NASA Is So 1969 - Instablogs
NASA Is So 1969
Marco Villa , Connecticut: Jul 24 2009
Made Popular Jul 24 2009
United States :

John Kennedy set the task of going to the Moon in 1961 and little more than 8 year later NASA’s Apollo program accomplished one of the greatest fests of mankind. America’s Moon landing 40 years ago this month was breathtaking for those who witnessed it and still spellbinding for those who will forever read about it in the history books.

NASA Is So 1969
The new face of American space exploration? Photo Credit: SpaceX.com

But since the Moon landing, NASA - America’s space agency - has lost focus. Three years after the landing, the Apollo program was scrapped as the nation no longer was interested and several more Moon trips were canceled. The space agency is not useless. NASA does a lot of important scientific work. Its satellites have visited ever single planet in our solar system and countless more Moons. The Hubble space telescope and the Mars robotic landings have contributed not only to scientific inquiry but to the romantic understanding of our place in the universe. And for some even provided spiritual solace. But the agency lacked unifying initiative that would captivate the American people’s imagination for the better part of the last 40 years. And NASA needs such a goal in order to justify its huge budget to taxpayers.

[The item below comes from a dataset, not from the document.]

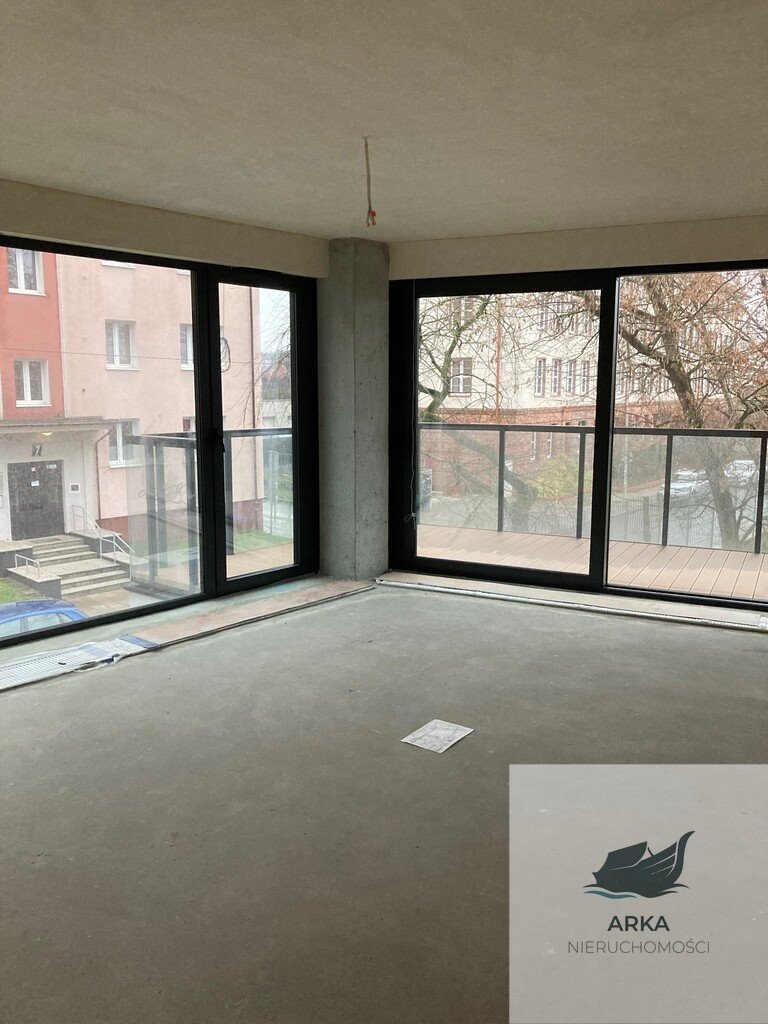 Mieszkanie trzypokojowe na sprzedaż Szczecin, Śródmieście, Jerzego Janosika  79m2 Foto 3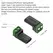 1-4Pcs 5V Crimp Terminal Block Green Data Transfer Charging Connector 5V Solderless Plug USB C To 2Pin Terminal Adapter Screw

President Bush tired to do just that with his announcement that American should go to the Moon again by 2020 and then off to Mars. His speech was not greeted with the same fanfare of Kennedy’s. Going to Mars is certainly exciting, but President Bush did not rally the nation behind the cause and the time line of 2020 is so far off as to not merit consideration for ADD Americans in comparison to Kennedy’s “by the end of this decade” roaring call.

NASA needs to do more to inspire the American people, but it has thus far failed. If America could go to the Moon in the 1960s in 8 years, why should it take double that time for a second trip around given all the technology we have now [Bush’s speech was in 2004]? Further, NASA’s new space rockets have been dismissed as “Apollo on steriods” because instead of being the work of 21st century innovation the new rockets are more buffed up relics of the past. NASA needs rockets that evoke the word “awesome” in young boys and it needs to create a time line that is within the planning frame of an average America.

But while NASA is lacking, America’s space industry is not entirely boring. The private sector is thriving:

United Launch Alliance, a joint venture of Lockheed Martin and Boeing, is to use modified versions of their existing Delta 4 and Atlas 5 rockets both to go to the moon and to resupply the space station, but at lower cost. And if Ares is cancelled another winner may be SpaceX, a small Californian firm that is building a series of rockets called Falcon. These will be able to fly cargo to the International Space Station—and, if all goes well in the future, people.

SpaceX differs from Lockheed and Boeing in that Falcon is a speculative venture rather than having been commissioned (as Delta and Atlas were) by the government. Many see this sort of true private enterprise, rather than the taxpayer-assisted sort, as the way forward in space.

Private industry may have replaced for good the zeal, determination, innovation and vision that NASA once embodied. Or better still, it may force NASA to compete for the first time by ending its monopoly. Good old American-style capitalism may be exactly what is needed for Houston.